The trouble is, that while all of this nice stuff is happening in our little support bubble, the world is falling apart. Not a day passes by without another abject tragedy. People are losing lives and livelihoods at a rate of knots. Misery abounds.

It’s odd to think that by the time I meet a lot of his family in person – many of whom live abroad – that we’re likely to be a fully established couple

It’s hard not to feel guilty. Not to feel like my happiness is somehow making the suffering of others more cruel, and harsher by comparison, or that I should do the decent thing and hide it from everyone’s view.

I’m lucky, I know I am, that the only major loss I have suffered this year is in a work context. And I’m not trying to gloat, or be self-satisfied about the fortunate turn my life has taken this year. It’s more that I feel I should acknowledge to myself — and the others in my life who have supported me — how far I’ve come since my own truly awful years.

Perhaps I should be used to the feeling of being out of sync with my surroundings. When I had my own annus horribilis in 2017, everyone around me was celebrating exciting milestones and achievements, revelling in their happiness.

That same year, I had left an abusive relationship, stopped eating altogether and was completely consumed by depression. The only breaks in my sadness came in short, sharp bursts of excruciating anxiety and panic. I felt completely isolated from a lot of my friends, many of whom, on the cusp of 30 as we were, were announcing their engagements, pregnancies and career highs. 

I knew, rationally, that my personal misery didn’t take anything away from their joy and that their joy didn’t make me any more miserable. But it’s different now somehow, because the scale of the suffering is so immense. 

Another competing force in my head tells me it’s important to celebrate the good times, because they’re so often only brief, or bookended by more challenges. Getting to this place of peace has taken me years of self-investment, therapy and work — and so rather than thinking of this time as haphazard and random, I know I should reframe it as something that has been slowly building for a long time. 

That way it feels more stable, more solid; less likely to burn out so quickly. Because for me, the biggest difference this year is not that life has suddenly become easier, or that challenges are somehow absent from my life — it’s that I finally feel confident that I am resilient enough not to let them break me. 

And it’s strange, of course it’s strange, for me and my boyfriend to be building something so nice and pure and joyful while everything around us crumbles. Strange that owing to the restrictions in place to stop the spread of the virus, the majority of my friends have yet to meet this person, who, in such a short period of time, has become the only human with whom I’m allowed to have contact. 

It’s similarly odd to think that by the time I meet a lot of his family in person, many of whom live abroad, that we’re likely to be a fully established couple, potentially living under the same roof. How do we think about planning a future together when even the idea of anything beyond the current moment feels impossible to imagine? 

At the same time, it is also just so incredibly nice to have a new place of warmth and shelter that while I’m certain I could live without if I had to — I’d really rather not.
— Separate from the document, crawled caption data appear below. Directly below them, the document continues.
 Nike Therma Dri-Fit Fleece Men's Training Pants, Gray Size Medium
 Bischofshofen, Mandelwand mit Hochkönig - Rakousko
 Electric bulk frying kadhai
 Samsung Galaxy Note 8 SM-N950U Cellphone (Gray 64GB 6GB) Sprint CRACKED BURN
As green shoots of optimism start to poke through the oppressive wall of grey we’ve all been facing this year, I know for the first time in a long time many of us are allowing ourselves to feel and appreciate the warm embers of hope. 
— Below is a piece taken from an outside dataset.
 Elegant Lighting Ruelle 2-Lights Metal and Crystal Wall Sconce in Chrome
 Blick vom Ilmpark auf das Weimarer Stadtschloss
As we do, and without undermining any of the tragedy that many people have experienced this year, I’m feeling grateful for my little patch of sunshine. Because as well as being a rare moment of peace in the unpredictable chaos of life, it’s also concrete evidence — for me and anyone that could benefit from knowing it — that misery doesn’t last forever. And that although it might not feel like it right now, nice things will happen again. Things will feel different. Just give it some time.